Amid scandal, FIFA deserves credit for reforms: Gosper
By Ian Ransom
MELBOURNE (Reuters) - The "arrogance" of senior officials brought corruption-related turmoil to world soccer but important governance reforms could restore its credibility, according to influential sports administrator Kevan Gosper.
Former International Olympic Committee Vice President Gosper served last year on FIFA's reform committee, which was formed as part of the governing body's response to U.S. authorities indicting a raft of senior soccer officials and marketing executives for corruption.
The committee recommended a slew of sweeping reforms, including term limits on top executives and the disclosure of their salaries, which were later endorsed at a special Congress in February.
The corruption scandal has since rumbled on, however, with announcements of new probes, extraditions and punishments of tainted officials a near-daily occurrence.

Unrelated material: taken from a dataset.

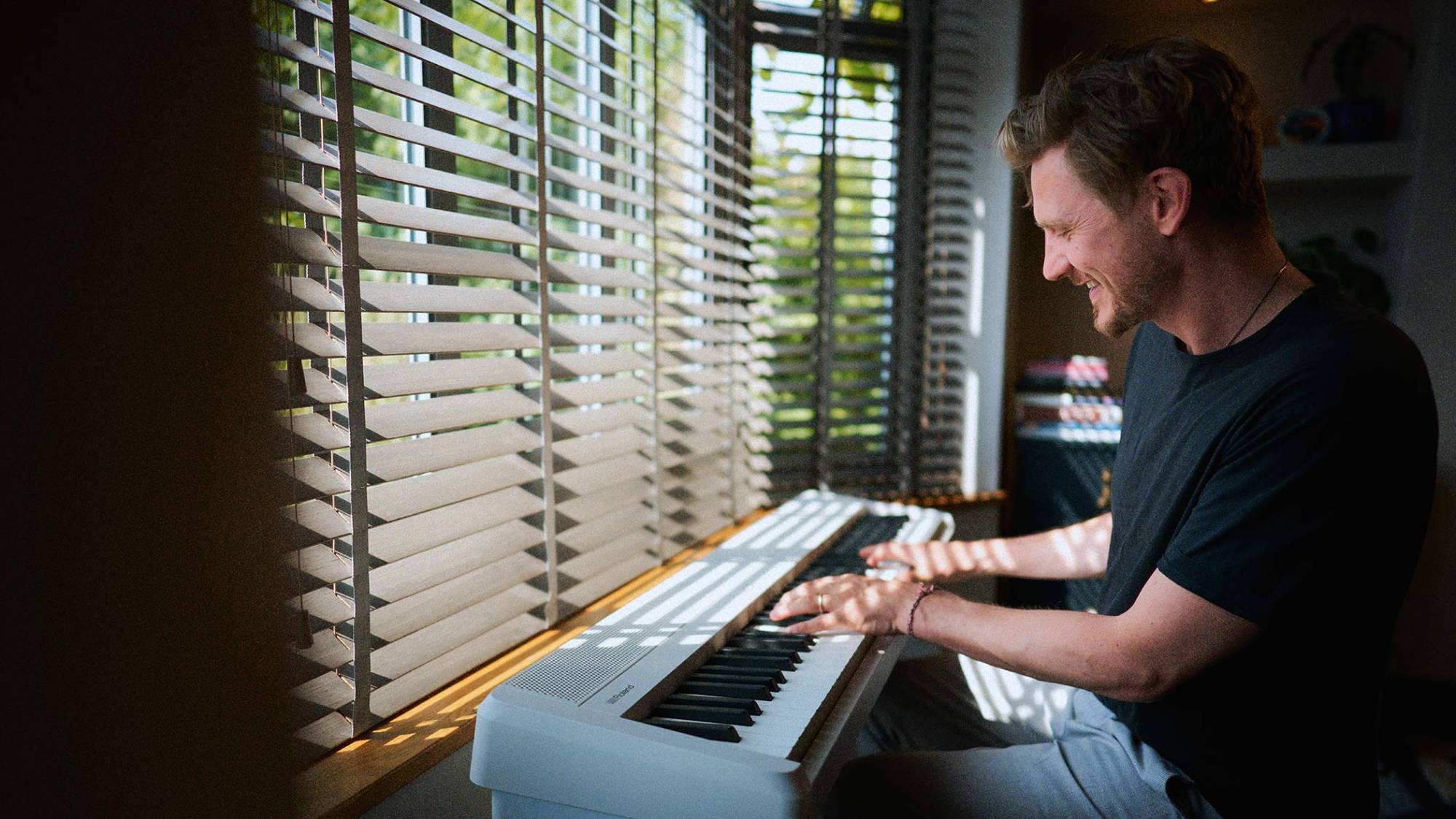 A man sat by a window playing the Roland FP-40 digital piano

With that backdrop, FIFA holds its first annual Congress under new president Gianni Infantino in Mexico this week, hoping to bring its 209 member associations up to speed on reforms to clean up the game.
Gosper said FIFA deserved credit for its commitment to reforming itself, even if those efforts had been largely overshadowed by the corruption investigations.
"I think what they have done, which is to take on all the recommendations that we made in terms of changes to statutes and regulations, integrity and their agreements on more transparency on what people have been paid, on limits to office, they're going in the right direction and I think they can build on that," the 82-year-old Australian told Reuters.
"There are a lot of elements of the management of FIFA, the bureaucracy of FIFA where they've done some good work. Continued...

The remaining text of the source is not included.